Investigation of n-alkane aromatization over nano-particle nickel supported catalysts

The conversion of n-hexane over nano-particle nickel supported on carbon (petroleum-based and coconut shell) was investigated in a fixed bed reactor. The effect of process parameters (gas hourly space velocity, reaction temperature) and catalyst properties (metal loading, Ni particle size) on the catalytic activity and selectivity of nickel supported catalysts for n-hexane aromatization was investigated. Results were expressed as n-hexane conversion, product selectivity and turnover frequencies. The catalysts were characterized by scanning transmission electron microscopy (STEM), H₂ chemisorption, x-ray photoelectron spectroscopy and propane hydrogenolysis. The main objective of the study was to determine a relationship between nickel particle size and aromatization activity, and, more specifically, the conversion of n-hexane to benzene.; Results for the aromatization of n-hexane to benzene showed an increase in n-hexane conversion and benzene selectivity with an increase in reaction temperature. Over petroleum-based Ni-supported catalysts, activities and selectivities were comparable to existing Pt-supported catalysts. Based on turnover frequencies, it was determined smaller Ni particles were more active and selective for n-hexane aromatization for the conditions investigated in this study.

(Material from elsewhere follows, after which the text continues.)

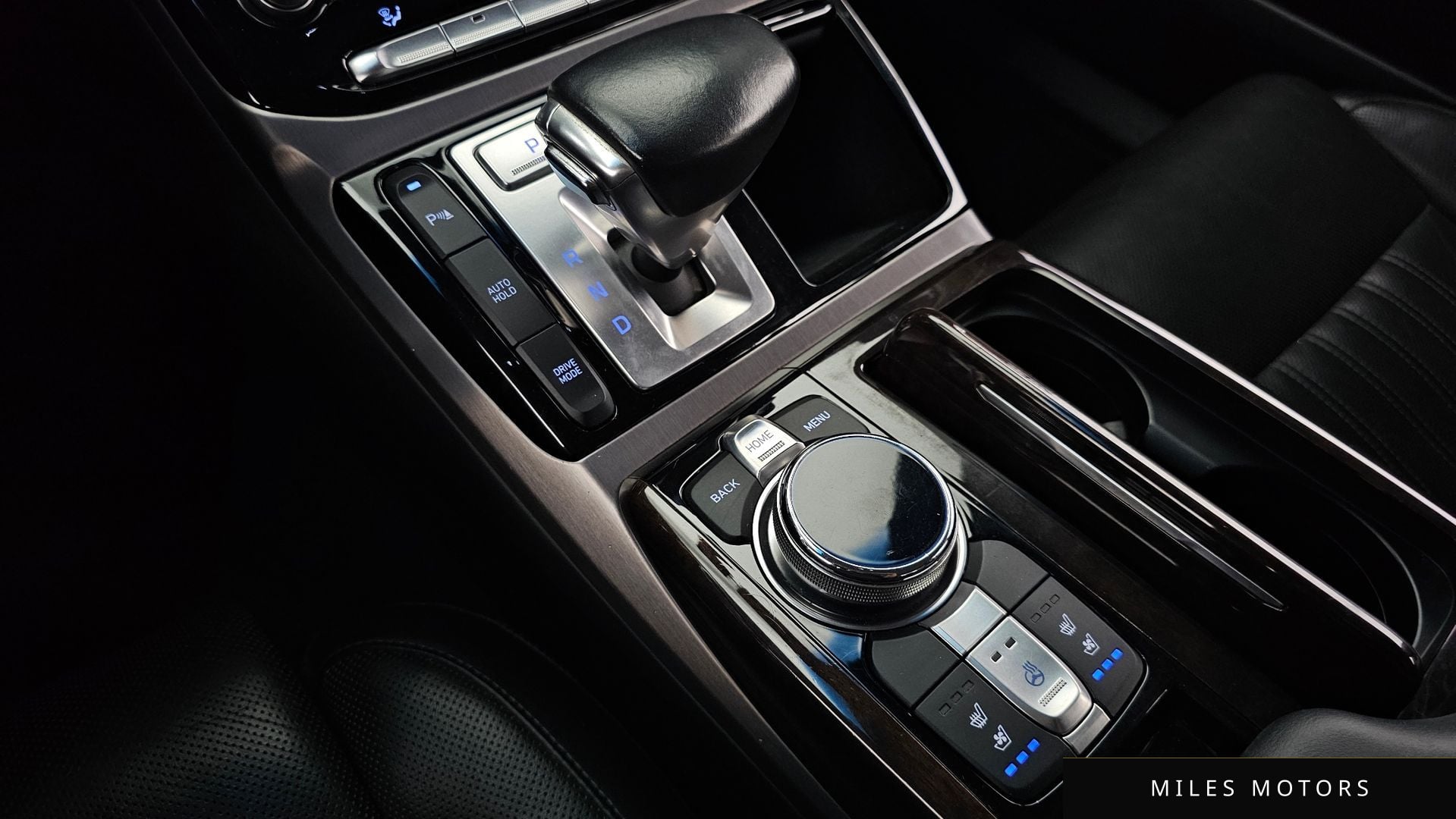 Genesis EQ900 2016 — миниатюра 9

Based on the product distribution, it is believed n-hexane undergoes a distinct unimolecular dehydrocyclization to form benzene.; XPS analysis showed sulfur present on the petroleum-based supported Ni catalyst and these catalysts were more active and selective than their coconut shell counterparts. Experiments in presulfiding the coconut shell Ni-supported catalyst led to an increase in selectivity to benzene, meaning sulfur plays a role in the n-hexane aromatization to benzene.